Sophia Brooks - Feb 05, 2009 3:54:53 pm PST #5237 of 30000
Cats to become a rabbit should gather immediately now here

ham and cheesey?


Liese S. - Feb 05, 2009 3:55:34 pm PST #5238 of 30000
"Faded like the lilac, he thought."

Pudding & pie?

Deer do not grasp the concept of lights and sirens.

Hee. There's a reason the phrase is "like a deer in the headlights."

I think somebody probably hit an elk here recently because there was something very large, very dead off a side road from the highway. We noticed because there were a) six bald eagles including a juvenile hanging out in the area, b) a bunch of ravens sitting morosely in a tree waiting for c) a coyote strolling casually around in the daytime to finish his meal and leave.

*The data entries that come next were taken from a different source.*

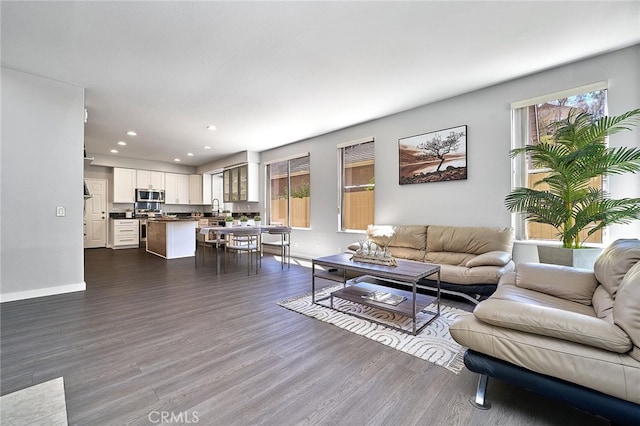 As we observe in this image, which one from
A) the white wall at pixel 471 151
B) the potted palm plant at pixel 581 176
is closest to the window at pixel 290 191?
the white wall at pixel 471 151

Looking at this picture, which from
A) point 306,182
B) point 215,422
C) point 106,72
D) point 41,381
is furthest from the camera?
point 306,182

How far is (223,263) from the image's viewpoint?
5.70m

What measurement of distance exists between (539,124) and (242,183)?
656cm

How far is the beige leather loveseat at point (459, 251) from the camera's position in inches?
115

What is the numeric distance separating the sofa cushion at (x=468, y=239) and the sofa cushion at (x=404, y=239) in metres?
0.11

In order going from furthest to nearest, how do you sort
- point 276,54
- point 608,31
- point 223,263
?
point 223,263
point 276,54
point 608,31

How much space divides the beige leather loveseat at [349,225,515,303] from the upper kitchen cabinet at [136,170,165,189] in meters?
7.49

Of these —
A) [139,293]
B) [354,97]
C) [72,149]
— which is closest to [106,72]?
[72,149]

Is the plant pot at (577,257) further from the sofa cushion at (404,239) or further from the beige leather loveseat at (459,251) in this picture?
the sofa cushion at (404,239)

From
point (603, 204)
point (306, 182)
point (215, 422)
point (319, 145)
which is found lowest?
point (215, 422)

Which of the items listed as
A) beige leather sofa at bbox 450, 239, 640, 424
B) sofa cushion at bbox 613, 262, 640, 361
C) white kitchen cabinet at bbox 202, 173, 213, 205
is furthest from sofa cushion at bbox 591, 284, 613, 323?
white kitchen cabinet at bbox 202, 173, 213, 205

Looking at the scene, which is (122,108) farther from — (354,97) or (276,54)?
(354,97)

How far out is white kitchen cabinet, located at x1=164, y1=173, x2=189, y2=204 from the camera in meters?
8.96

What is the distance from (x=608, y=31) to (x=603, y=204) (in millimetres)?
1584
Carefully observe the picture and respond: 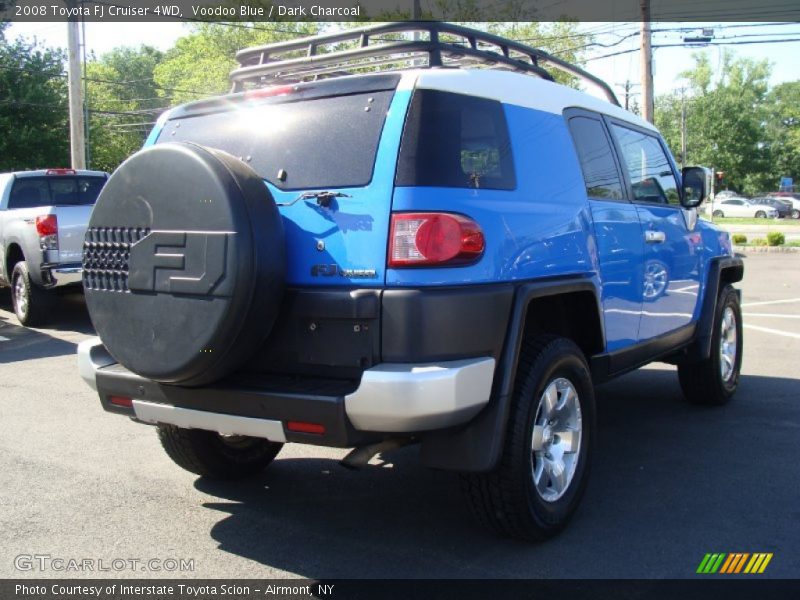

§ ita § - Feb 05, 2009 4:06:16 pm PST #5239 of 30000
Well not canonically, no, but this is transformative fiction.

George & Weezey?


billytea - Feb 05, 2009 4:10:48 pm PST #5240 of 30000
You were a wrong baby who grew up wrong. The wrong kind of wrong. It's better you hear it from a friend.

Hee. There's a reason the phrase is "like a deer in the headlights."

In Australia of course it's kangaroos. A friend and I once speculated what your big roo was thinking as he stood in the middle of the road and calmly watched twin headlights bearing down at high speed.

John: "Pajero. No, Pathfinder. No, Pajero. No, --"
Me: "...She wants me."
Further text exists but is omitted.